• _WHAT TO WORK ON_
For the material below, return exactly the lines starting at the one holding "How to Measure" and ending at the one holding "mañana al Auditorio", counting both as part of the range.

• _GIVEN INFORMATION_
★ ★ ★

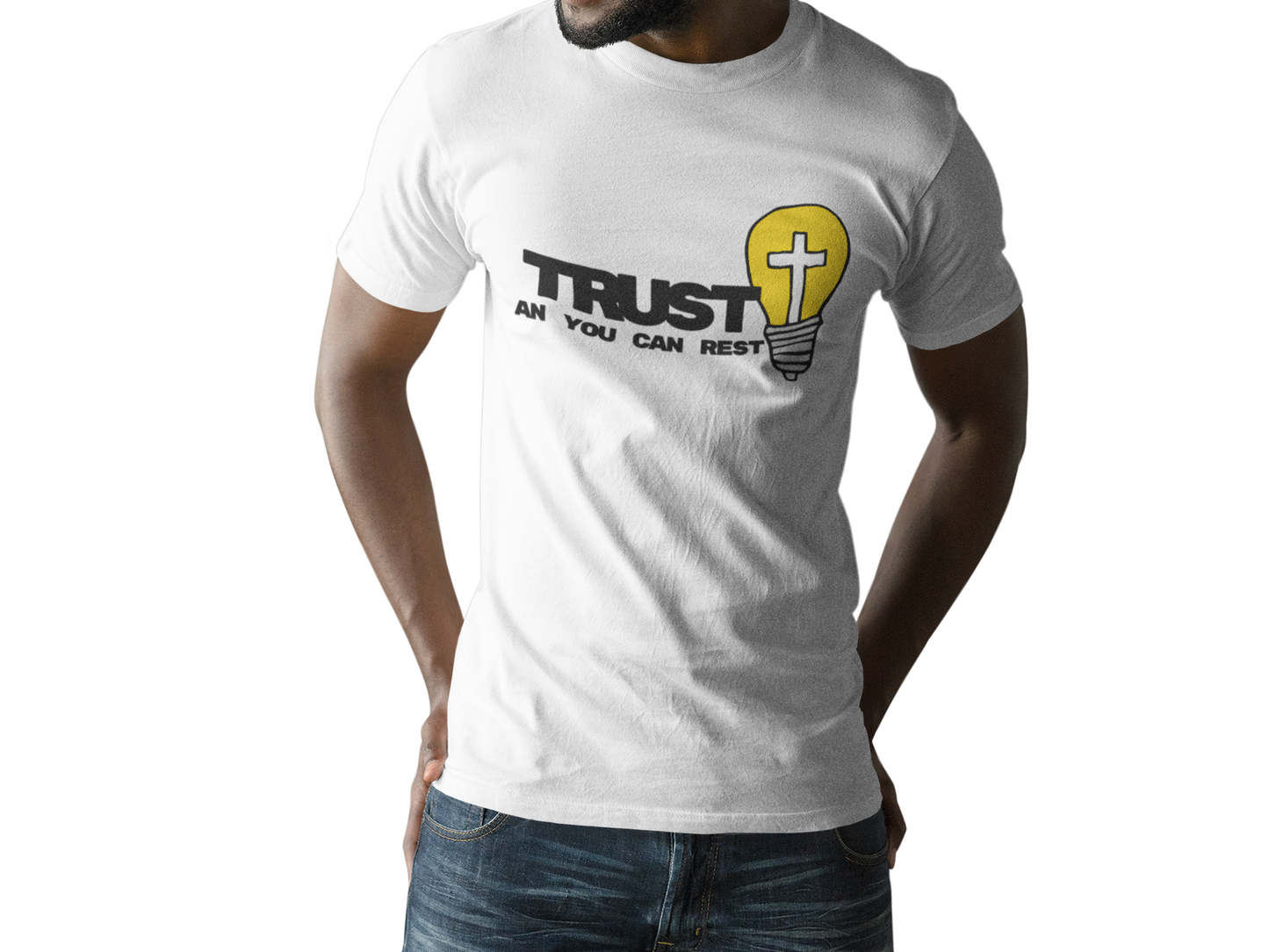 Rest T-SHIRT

★ ★ ★

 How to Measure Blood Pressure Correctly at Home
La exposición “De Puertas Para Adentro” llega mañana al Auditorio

★ ★ ★

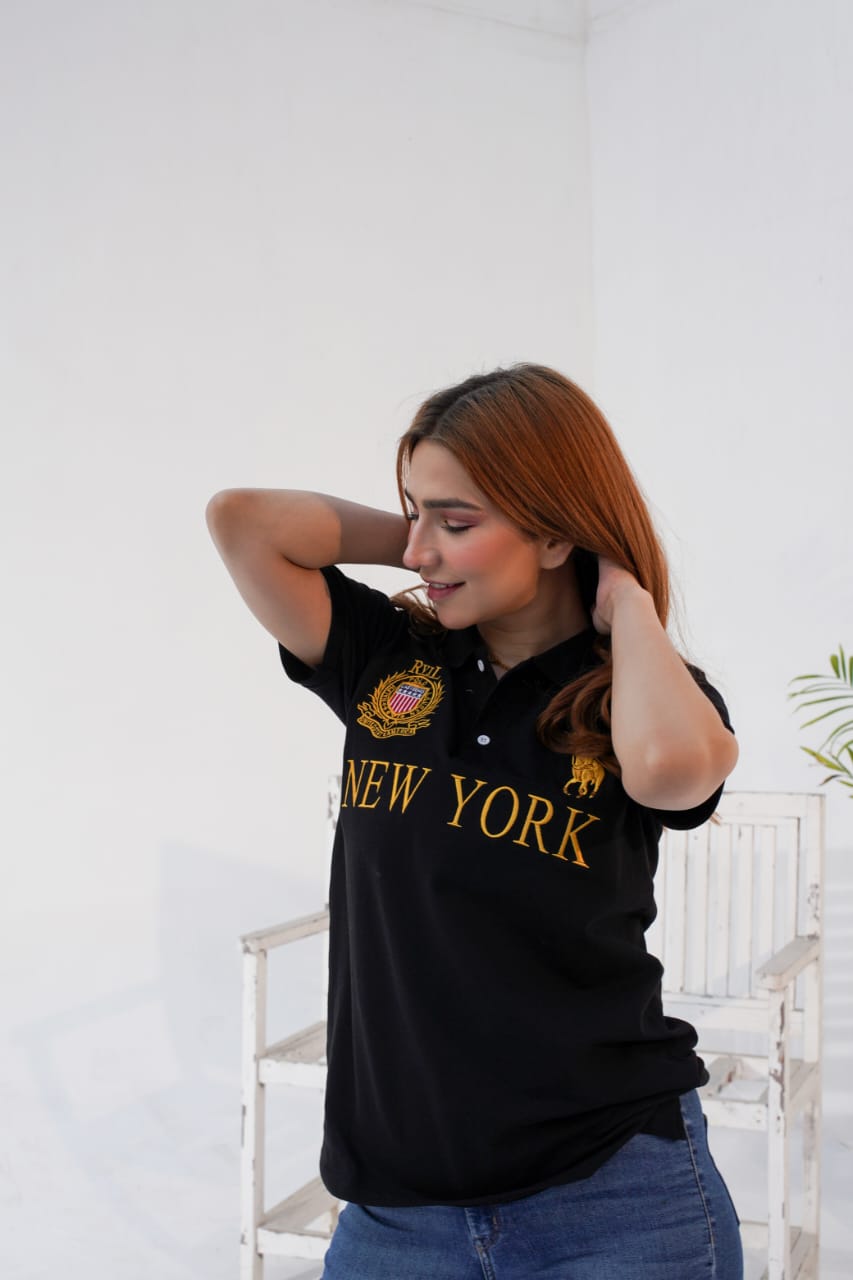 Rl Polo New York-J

★ ★ ★

• _WRITTEN SOLUTION_
 How to Measure Blood Pressure Correctly at Home
La exposición “De Puertas Para Adentro” llega mañana al Auditorio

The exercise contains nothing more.